You're in luck. There's an excellent book about Brazil markets Marcos C. S. Carreira, Richard J. Brostowicz. Brazilian Derivatives and Securities: Pricing and Risk Management of FX and Interest-Rate Portfolios for Local and Global Markets. Palgrave Macmillan 2016.
Also if you can find Credit Suisse Guide to Brazil Local Markets (2014), it may help.
To answer your question about convertibility and transferability (note that some firms call them both convertibility, which is why you should understand the difference). They're both part of cross-border risk.
Transferability is the risk that the country will stop you from taking home onshore assets.

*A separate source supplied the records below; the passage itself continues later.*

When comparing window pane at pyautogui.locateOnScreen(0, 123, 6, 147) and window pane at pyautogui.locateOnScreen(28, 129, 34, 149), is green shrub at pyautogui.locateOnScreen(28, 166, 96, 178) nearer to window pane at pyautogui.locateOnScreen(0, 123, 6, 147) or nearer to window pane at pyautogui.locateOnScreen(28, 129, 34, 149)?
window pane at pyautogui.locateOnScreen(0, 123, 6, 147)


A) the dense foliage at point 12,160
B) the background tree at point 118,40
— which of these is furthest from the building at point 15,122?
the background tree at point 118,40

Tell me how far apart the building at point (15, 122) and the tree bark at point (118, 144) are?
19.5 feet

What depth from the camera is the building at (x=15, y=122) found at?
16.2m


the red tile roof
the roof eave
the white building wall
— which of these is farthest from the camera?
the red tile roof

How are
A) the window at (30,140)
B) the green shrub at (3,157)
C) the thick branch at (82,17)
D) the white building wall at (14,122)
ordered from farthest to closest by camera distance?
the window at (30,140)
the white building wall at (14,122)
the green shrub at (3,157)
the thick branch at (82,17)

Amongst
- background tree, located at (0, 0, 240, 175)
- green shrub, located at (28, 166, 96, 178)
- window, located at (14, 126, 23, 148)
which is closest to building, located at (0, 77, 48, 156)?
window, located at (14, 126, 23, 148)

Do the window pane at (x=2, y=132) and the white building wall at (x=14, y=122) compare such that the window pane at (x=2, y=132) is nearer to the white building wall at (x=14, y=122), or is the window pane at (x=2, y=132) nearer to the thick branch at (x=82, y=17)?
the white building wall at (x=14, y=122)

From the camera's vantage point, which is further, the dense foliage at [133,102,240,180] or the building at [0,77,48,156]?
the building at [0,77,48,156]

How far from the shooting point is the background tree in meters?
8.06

It doesn't matter what currency they're denominated in. For example, if you have USD or EUR assets onshore in Brazil or South Korea etc, subject to local law, then there is a danger that the country will decide to stop you from repatriating these assets. They're still yours, you just aren't allowed to move them home.
Convertibility is the risk that the country will prohibit converting their currency into other currencies. This risk is one of the reasons why market participants prefer non-delivery forwards (which have no convertibility risk) to physical delivery FX forwards that involve emerging market currencies.
Hence, you're going to have different yields (to compensate for different risks), for example on US dollars in Brazil (subject to transferability risk) than on US dollars offshore. "Cupom cambial" is what you earn on USD onshore in Brazil (operationally, earning that involves some Brazil exchange traded futures settled in reais).